For Confucians, if there is a clash of obligations, family duties should take precedence over law: the bottom-up social dynamic is prior to, and more fundamental than, the top-down political process.. In The Analects, Confucius tells us that fathers and sons should shield each other from the law if one or the other has transgressed. Mencius tells us that Shun would have given up political office and escape with his father if the latter had broken the law; etc. Moreover, both Confucius and Mencius contend that noble-minded people have an obligation to speak truth to power, to point out injustice when it is done, and to remonstrate honestly to the powers-that-be to counteract the poverty and oppression that might appear in daily life. Mencius, in particular, committed himself and his life to this pursuit.
Moderns states, in general, strongly reject the idea of personalized and particularistic administration, which is the very definition of "corruption" - i.e. if the bureaucracy acts preferentially toward a particular individual because of status or social identity. Thus, states must deny Confucian ethical particularism. And the rationalization of bureaucratic administration also creates obstacles for honest remonstrance. For example, if a complaint does not fit into the discourse of the bureaucracy it might be ignored or shunted aside.

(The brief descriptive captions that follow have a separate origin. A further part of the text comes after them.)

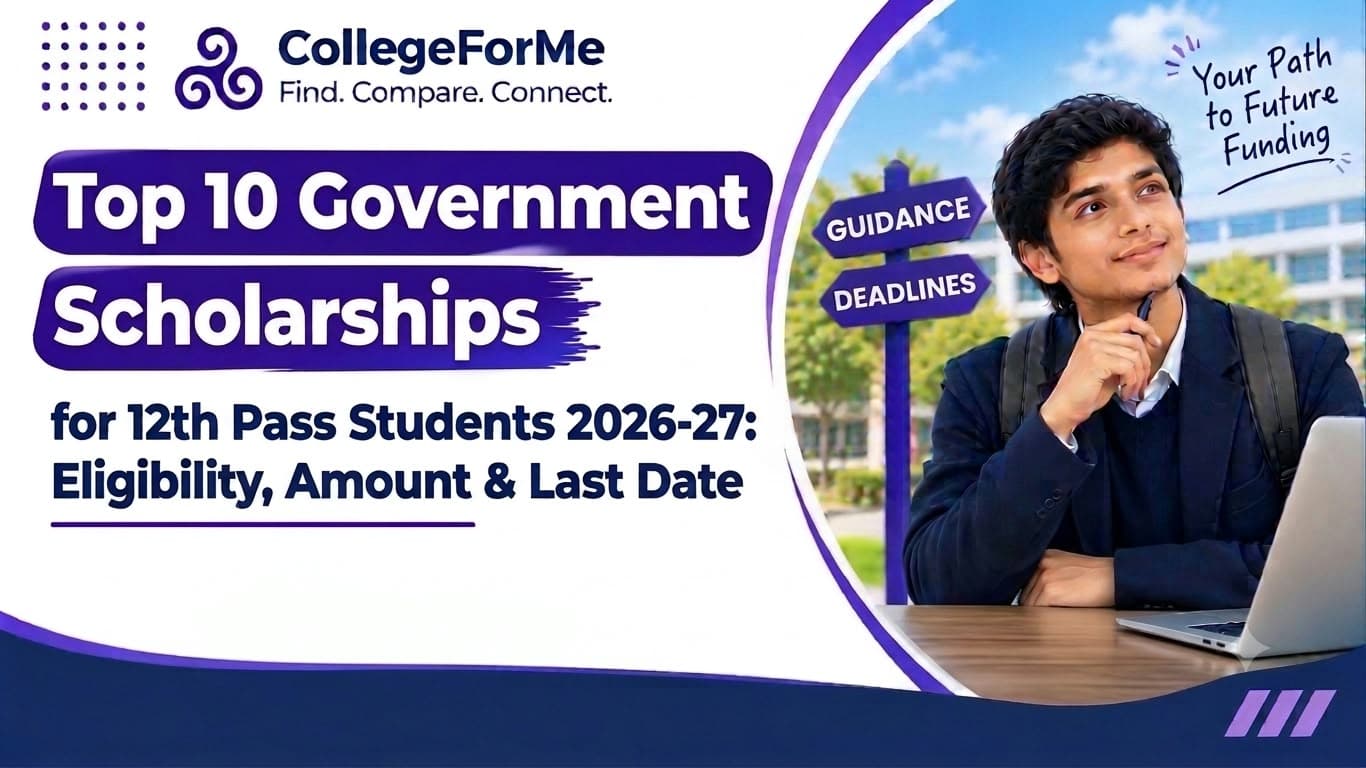 Top 10 Government Scholarships After 12th 2026-27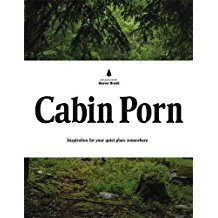 A picture of the cover of cabin porn.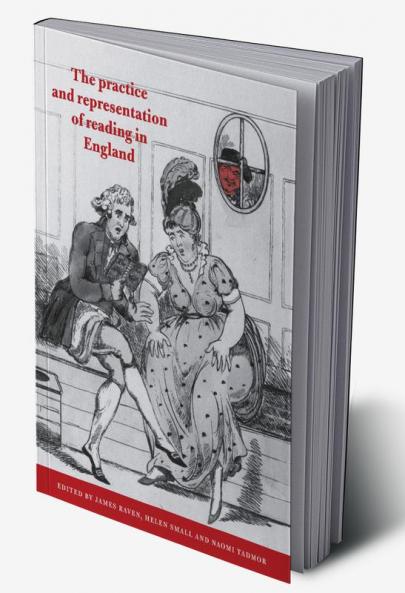 The Practice and Representation of Reading in England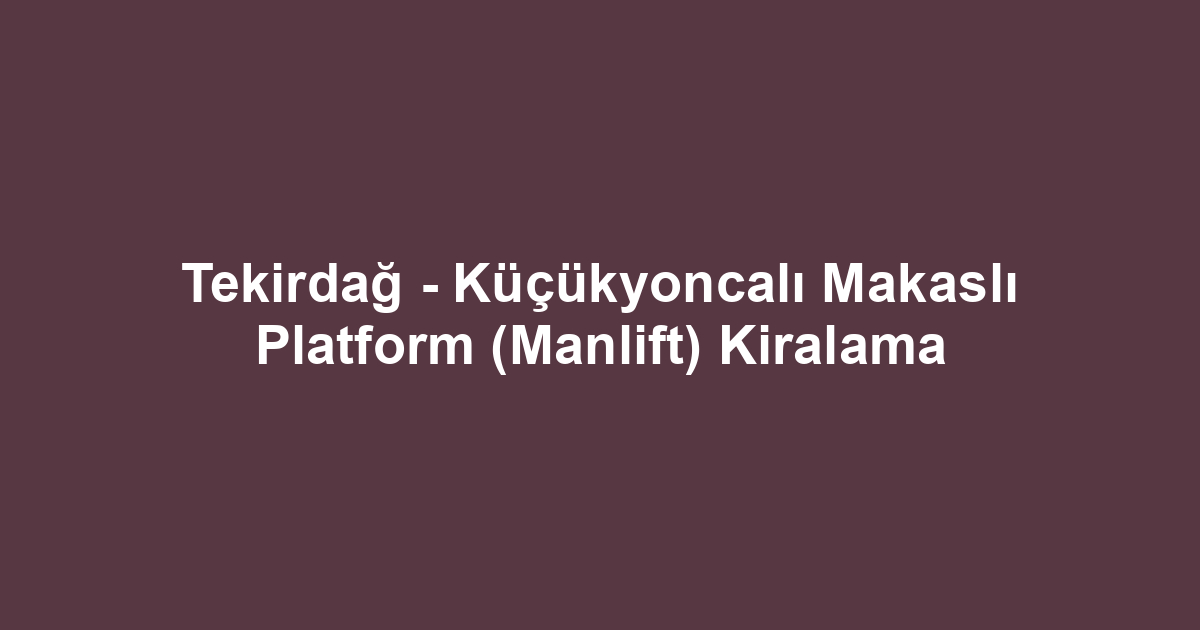 Tekirdağ - Küçükyoncalı Makaslı Platform (Manlift) Kiralama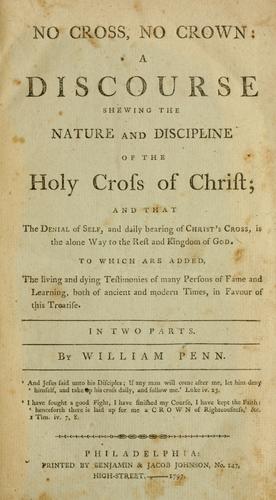 William Penn: No cross, no crown (1797, Benjamin & Jacob Johnson)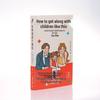 How to Get Along with Children: A Guide to Nurturing Families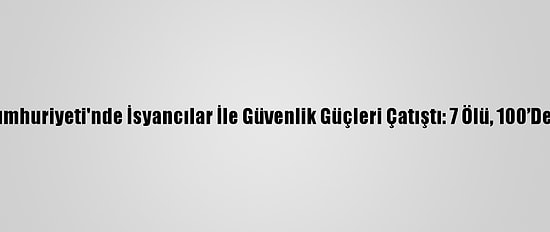 Orta Afrika Cumhuriyeti'nde İsyancılar İle Güvenlik Güçleri Çatıştı: 7 Ölü, 100’Den Fazla Yaralı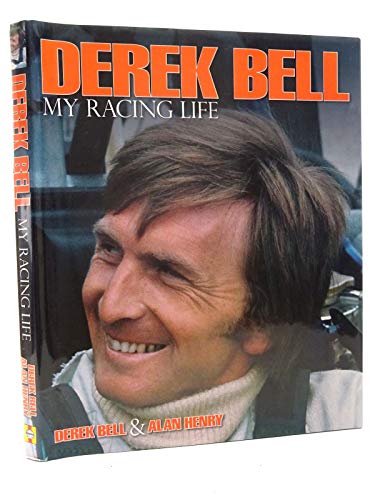 Imagen de archivo de Derek Bell: My Racing Life a la venta por ThriftBooks-Atlanta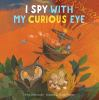 Book cover for "I spy with my curious eye".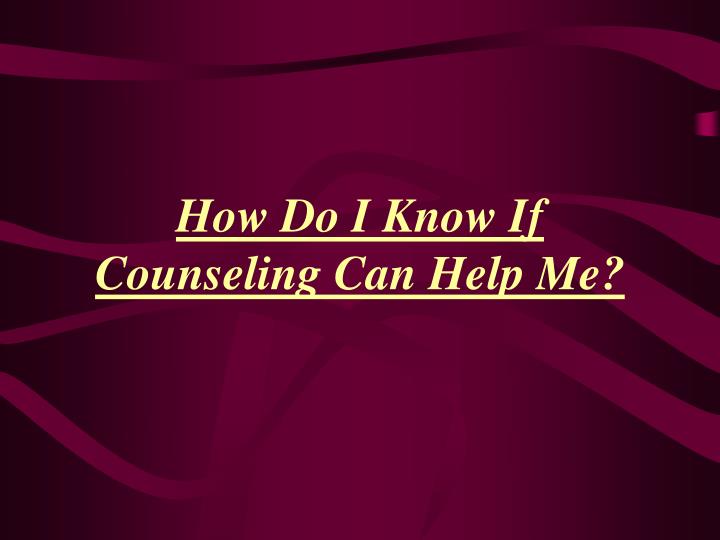 how do i know if counseling can help me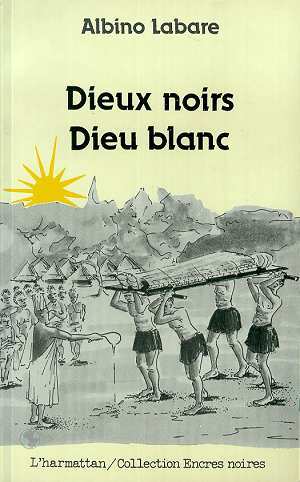 Knjiga Dieux Noirs Dieux Blancs 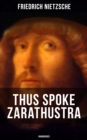 THUS SPOKE ZARATHUSTRA (Unabridged) : Philosophical Novel - eBook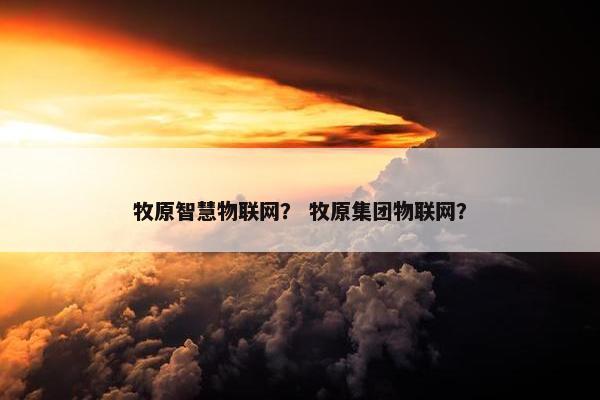 牧原智慧物联网？ 牧原集团物联网？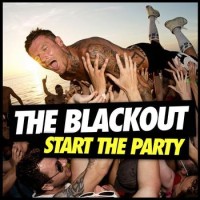 The Blackout – Start The Party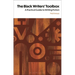 The Black Writers' Toolbox: A Practical Guide to Writing Fiction
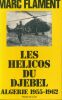 Les hélicos du Djebel. Algérie 1955-1962. FLAMENT Marc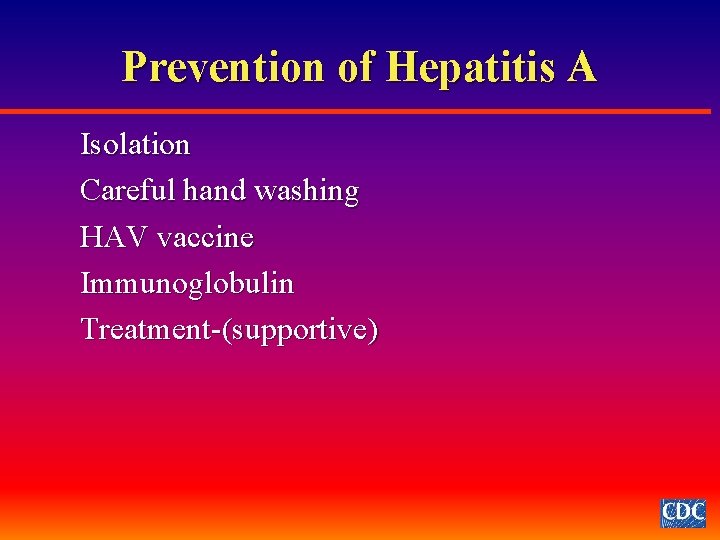 Prevention of Hepatitis A Isolation Careful hand washing HAV vaccine Immunoglobulin Treatment-(supportive) 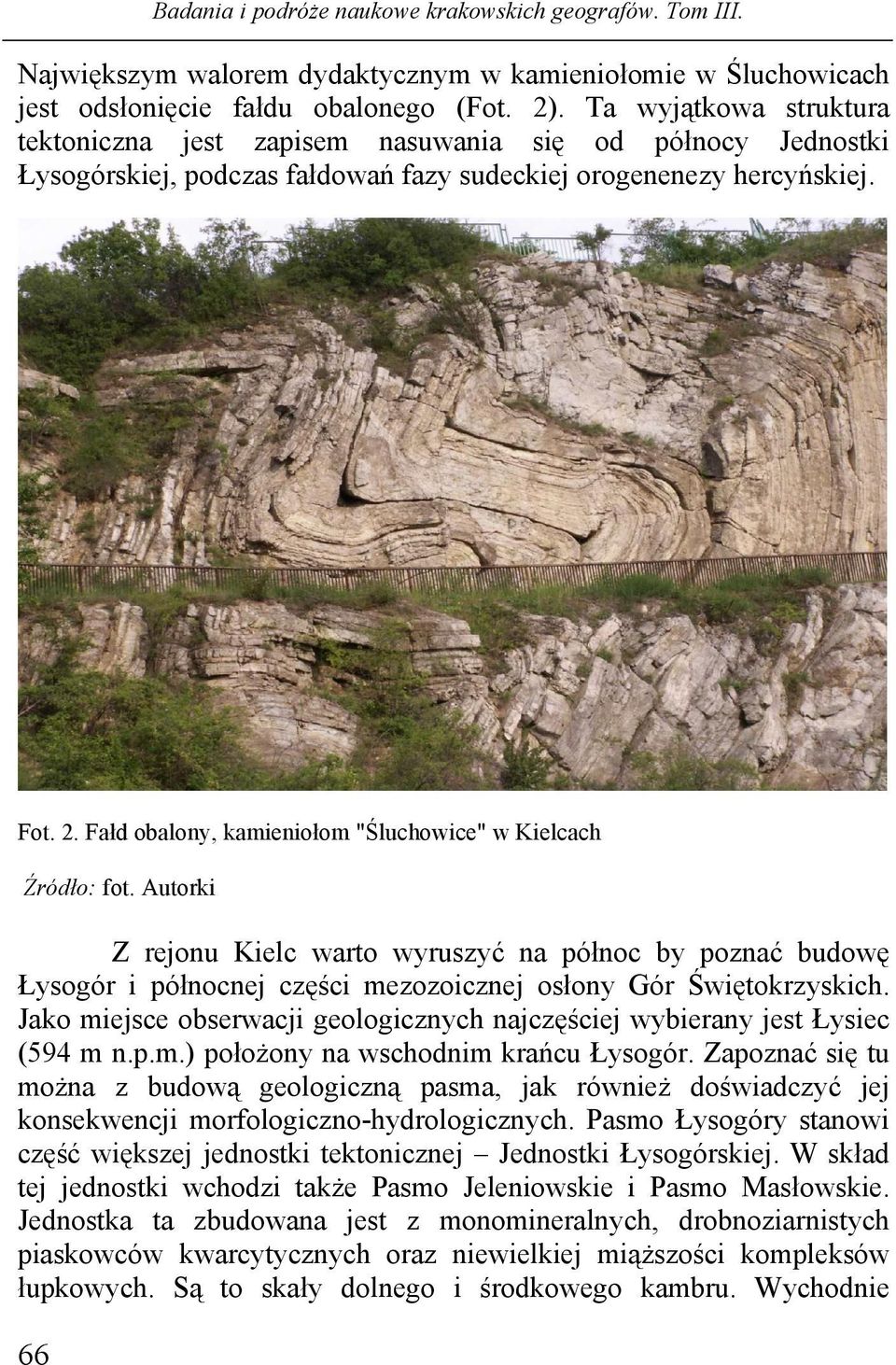 Fałd obalony, kamieniołom "Śluchowice" w Kielcach Źródło: fot. Autorki Z rejonu Kielc warto wyruszyć na północ by poznać budowę Łysogór i północnej części mezozoicznej osłony Gór Świętokrzyskich.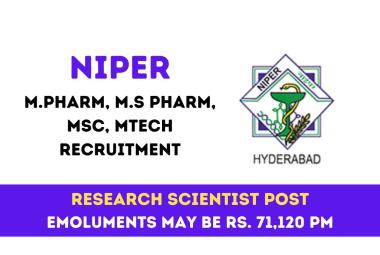 NIPER M.Pharm, M.S Pharm, MSc, MTech Recruitment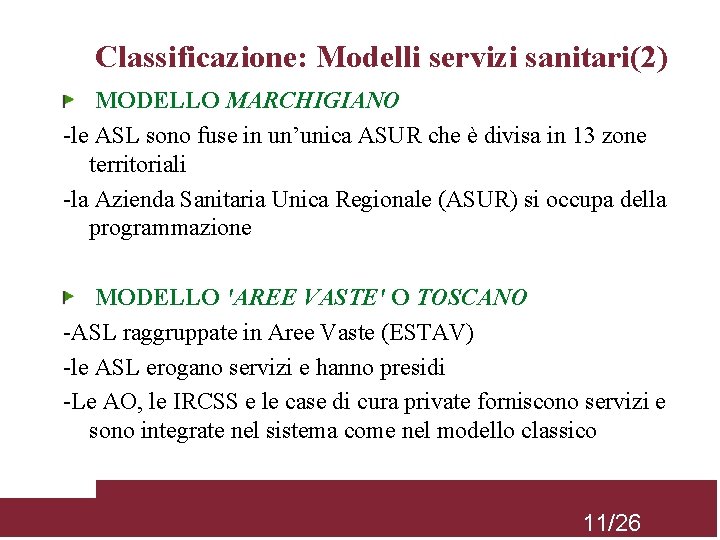 Classificazione: Modelli servizi sanitari(2) MODELLO MARCHIGIANO -le ASL sono fuse in un’unica ASUR che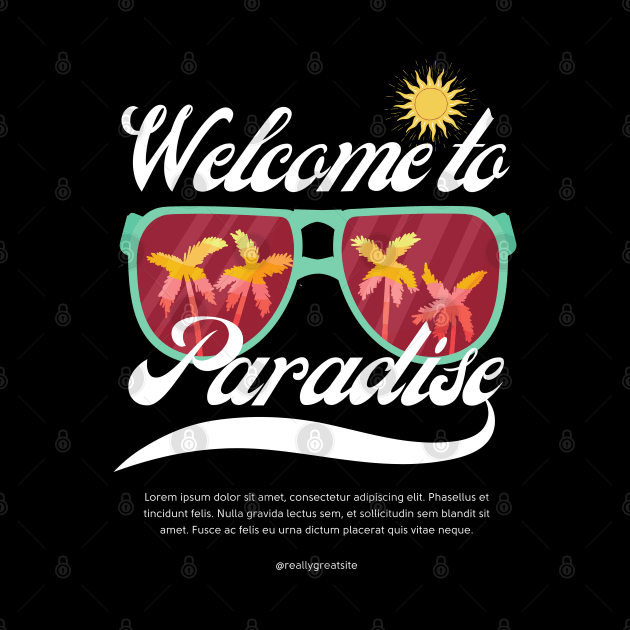 WELCOME TO PARADISE by irvtolles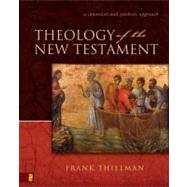 Theology of the New Testament : A Canonical and Synthetic Approach by Frank Thielman, 9780310211327
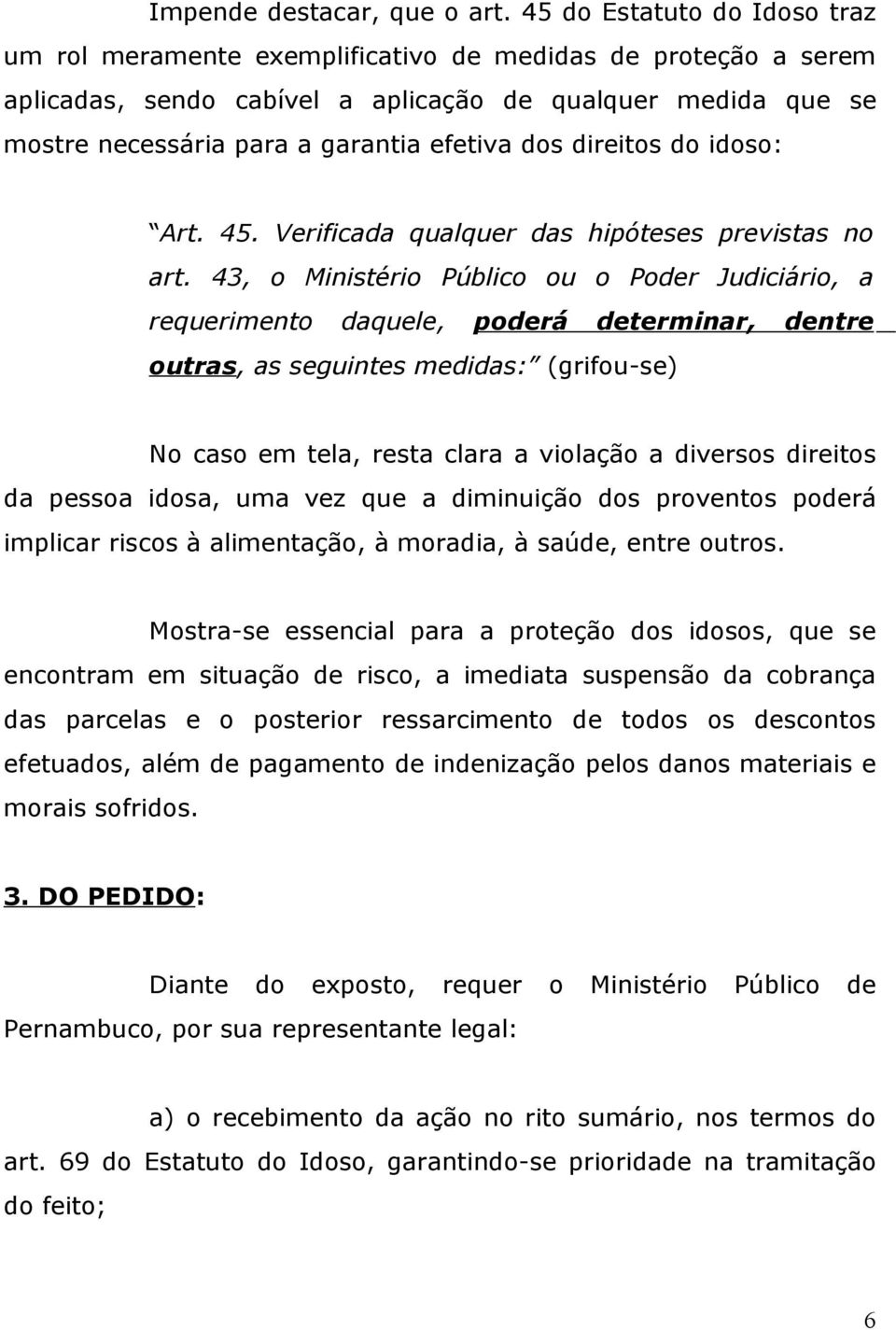 dos direitos do idoso: Art. 45. Verificada qualquer das hipóteses previstas no art.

The PRC state is yet worse for Confucian-Mencian practice, because it is a case of a modern state dominated by a single authoritarian party, bending all the processes of rationalization to the even narrower purposes of maintaining the power of the single party, leaving much less space and possibility for diverse social pracitces and honest dissent at odds with state power.
The recent case of Xie Chaoping illustrates how actions that are consistent with Confucian morality are routinely repressed by the authoritarian PRC state.
Xie wrote a book about the corruption and abuse of power surrounding the building of the Sanmen dam in the 1950s. The message was threatening enough to current Party officials in Shaanxi, none of whom would be implicated in the events discussed in the book, that they trumped up charges of "illegal business activities," He was jailed for close to a month, during which he was humiliated and abused. He has since been released, though his freedom to travel is still restricted.
In essence, Xie's book is an example of honest remonstrance. Terrible injustice had been done decades ago to powerless and poor people in Shaanxi. In Confucian terms, those Shaanxi people had been exploited and put in a position where they could not adequately care for their families or enact their duties to their parents and children and relatives and friends. But even at the remove of fifty years, Shaanxi party officials saw Xie and his writing as a threat to their political hegemony: if they let this case stand, others might feel emboldened to remonstrate and the process might eventually turn on the party, laying bear the corruption that currently exists in Shaanxi and elsewhere in the land. In defense of the single-party state, they arrested and abused Xie, since all intellectual and social activity is subject to rationalization by the party-state.
There is a double violation of Confucian principles here. The party-state is continuing to violate the obligations of the original victims of corruption in Shaanxi, denying the truth of their suffering and defending the corruption of the officials of the 1950s. And the party-state is violating Xia Chaoping's ability to carry out his obligation to honestly remonstrate to the government.
At one level there is nothing extraordinary about the case of Xie Chaoping. This sort of thing happens every day in China. But that is precisely the point. Restriction and repression of Confucian principles is deeply ingrained in the nature of the PRC state. If that state were really to take Confucianism to heart as its guiding ideology, we might expect President Hu Jintao or Premier Wen Jiabao to stand up and defend Xie's duty to remonstrate. No one, of course, expects that. Both Hu and Wen must, by the logic of the party-state that they lead, accept and defend such daily abuses. Maintaining the power of the party will, every time, trump Confucian considerations.
And that is why it is impossible for Confucianism to serve as a guiding ideology of the PRC state. Any such invocation, under current conditions, will be limited by and subordinated to the purposes of defending single-party CCP rule. And that inevitably leads to un-Confucian abuses of power and inhumane outcomes.